Es wird aber auch das erste Mal für die 29-Jährige sein, dass sie alleine von Zuhause weg ist. Ein schwieriger Schritt. „Ich bin schon sehr verwurzelt und werde meine Familie auch sehr vermissen. Das versuche ich aber aktuell auch noch von mir wegzuschieben.“

Denn momentan überwiegt die große Vorfreude. Erst 2017 wurde Lena Müller durch einen Bericht in der Westfalenpost auf den Football in Hagen aufmerksam, die Sauerland Mustangs suchten damals Verstärkung für ihre Damen-Mannschaft. Es war der Beginn einer Leidenschaft. Wenige Jahre später war Lena Müller als Coach für die Hagener Damen zuständig und spielte parallel für die Assassins (Spielgemeinschaft aus Wuppertal und Solingen). Ihr Team wird sie auch vermissen, „aber die haben schon gesagt, dass sie gemeinsam meine Spiele schauen werden“, freut sich die 29-Jährige über den Support.

In den USA sieht sie die Möglichkeit, ihr Können noch einmal „auf ein ganz neues Level zu heben: Ich möchte mich sportlich weiterentwickeln.“ Denn in Deutschland ist die gebürtige Wetteranerin langsam aber sicher an einer Grenze angekommen: „Ich bin so kräftig und so gut auf meiner Position, dass ich in Deutschland keine Gegner mehr finde. Deshalb ist das nun der nächste Schritt.“

Keine Angst vor Körperkontakt: Lena Müller (Zweite von links) scheut beim Football keine Berührung.
Keine Angst vor Körperkontakt: Lena Müller (Zweite von links) scheut beim Football keine Berührung. © WP | Dagmar Müller

Gebrochene Finger sind kein Hindernis

Und in den USA wird der Football noch einmal ganz anders gelebt, als in Deutschland, darüber ist sich auch Müller bewusst: „Die sind dort alle mit dem Sport aufgewachsen.“ Und auch die Zuschauerzahlen sind deutlich höher, auch bei den Frauenspielen.
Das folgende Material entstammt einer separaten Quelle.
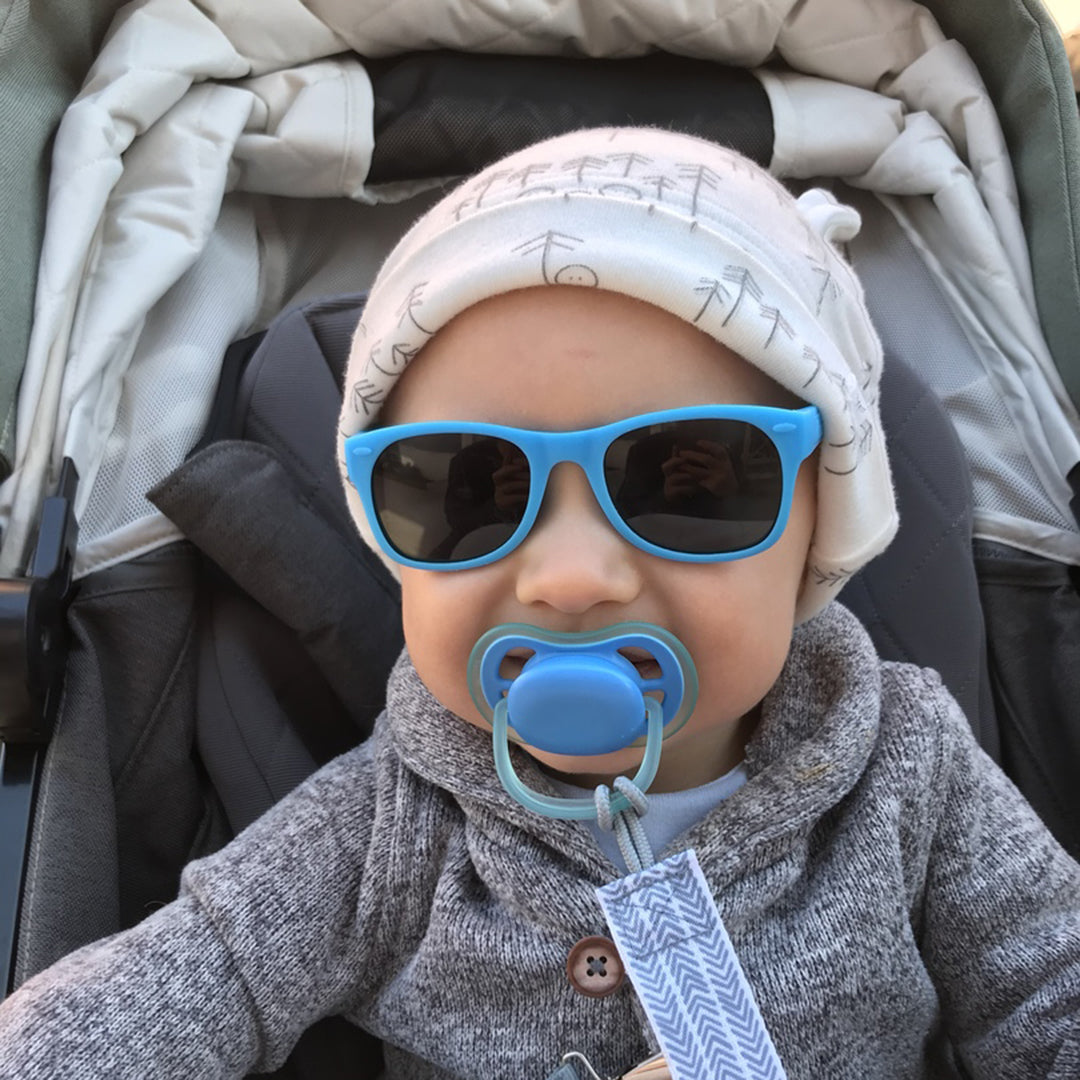 Zack Morris Shades | Baby - HoneyBug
Aber Angst macht das der O-Linerin nicht: „So schnell bekommt man mich nicht vom Feld. Ich habe auch schon mit gebrochenen Fingern und einer gebrochenen Hand gespielt.“

Denn sie betreibt ihren Sport mit Leib und Seele. Auch, weil sie weiß, wie viel Arbeit, Zeit und Training sie seit zwei Jahren hineinsteckt. All das könnte sich nun endlich auszahlen. Und vielleicht steht sogar noch ein zweites Highlight in diesem Jahr an: „Es gibt Gerüchte, dass eine Frauen-Nationalmannschaft gegründet werden soll. Da wäre ich natürlich sehr gerne dabei“, späht Lena Müller schon auf das nächste Highlight. Erst einmal geht es aber für sie nach Seattle – ein Traum wird wahr.